November 20, 2019; Kansas City Star
When you are poor and facing criminal court charges, you are entitled to a lawyer, as the US Supreme Court decided in 1963 in Gideon v. Wainwright. Most of the time, that lawyer is a public defender, providing you legal services at no charge. But if you live in Missouri, the public defender you may be working could have a caseload of close to 70 clients. (In one case, it was 763!) So you may not get a lot of time with your lawyer. Alas, Missouri, is not the only state where legal support is deficient; in Louisiana, it was found a few years ago that the average time spent by a New Orleans public defender on an individual’s case was seven minutes.
As in Louisiana, overburdened public defenders in Missouri have pushed for changes in their workload. But those who can authorize these changes are Missouri’s judges, who don’t seem inclined to do so. Instead, they are doing what is so often done, namely pushing public defenders to bypass ethics concerns that require them to handle cases competently and instead simply move faster to get cases settled.

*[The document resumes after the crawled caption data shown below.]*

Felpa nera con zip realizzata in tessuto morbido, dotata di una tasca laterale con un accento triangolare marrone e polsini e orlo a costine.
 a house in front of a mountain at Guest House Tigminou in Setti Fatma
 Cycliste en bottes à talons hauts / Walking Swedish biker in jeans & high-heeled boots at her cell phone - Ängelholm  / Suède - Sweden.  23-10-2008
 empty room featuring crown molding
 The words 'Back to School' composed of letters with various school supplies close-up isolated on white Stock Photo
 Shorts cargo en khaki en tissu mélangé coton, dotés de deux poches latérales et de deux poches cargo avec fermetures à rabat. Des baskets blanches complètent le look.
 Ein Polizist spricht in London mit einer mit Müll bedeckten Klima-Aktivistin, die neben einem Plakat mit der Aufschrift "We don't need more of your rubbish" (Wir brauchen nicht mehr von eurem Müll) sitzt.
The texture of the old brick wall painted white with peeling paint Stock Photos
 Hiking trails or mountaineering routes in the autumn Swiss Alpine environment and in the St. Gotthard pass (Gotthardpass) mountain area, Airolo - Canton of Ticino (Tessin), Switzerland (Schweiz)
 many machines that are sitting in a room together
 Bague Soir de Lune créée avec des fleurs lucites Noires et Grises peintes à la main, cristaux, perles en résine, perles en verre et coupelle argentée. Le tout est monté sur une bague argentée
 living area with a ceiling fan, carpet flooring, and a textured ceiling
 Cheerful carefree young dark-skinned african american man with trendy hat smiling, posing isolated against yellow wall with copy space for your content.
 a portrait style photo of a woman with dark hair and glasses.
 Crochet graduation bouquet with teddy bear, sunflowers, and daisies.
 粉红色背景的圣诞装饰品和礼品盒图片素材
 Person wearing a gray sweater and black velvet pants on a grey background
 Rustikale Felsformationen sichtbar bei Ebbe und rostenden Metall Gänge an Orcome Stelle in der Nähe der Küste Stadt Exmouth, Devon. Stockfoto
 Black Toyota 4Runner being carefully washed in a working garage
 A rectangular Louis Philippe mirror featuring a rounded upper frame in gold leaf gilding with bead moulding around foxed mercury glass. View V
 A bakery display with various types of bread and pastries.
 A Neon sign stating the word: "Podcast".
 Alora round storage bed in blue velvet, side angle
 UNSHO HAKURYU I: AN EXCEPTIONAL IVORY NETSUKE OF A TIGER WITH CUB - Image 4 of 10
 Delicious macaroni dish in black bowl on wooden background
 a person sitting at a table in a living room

The resulting situation is not pretty. The tension between judges and public defenders, particularly in Kansas City, rose two years ago to the level of packing a courtroom with public defenders saying they could take no more and the judge threatening the head public defender with jail time.
“They’ve simply turned a blind eye,” said Michael Barrett, who headed Missouri’s public defender system for the past four years.
Barrett said the judges are willing to cripple the public defender’s office because they don’t want them to actually defend the public.
“It forces the court to work because we are able to hold hearings and file motions,” Barrett said. “They don’t want us to do these things because it forces them to work. They just want us to facilitate pleas.”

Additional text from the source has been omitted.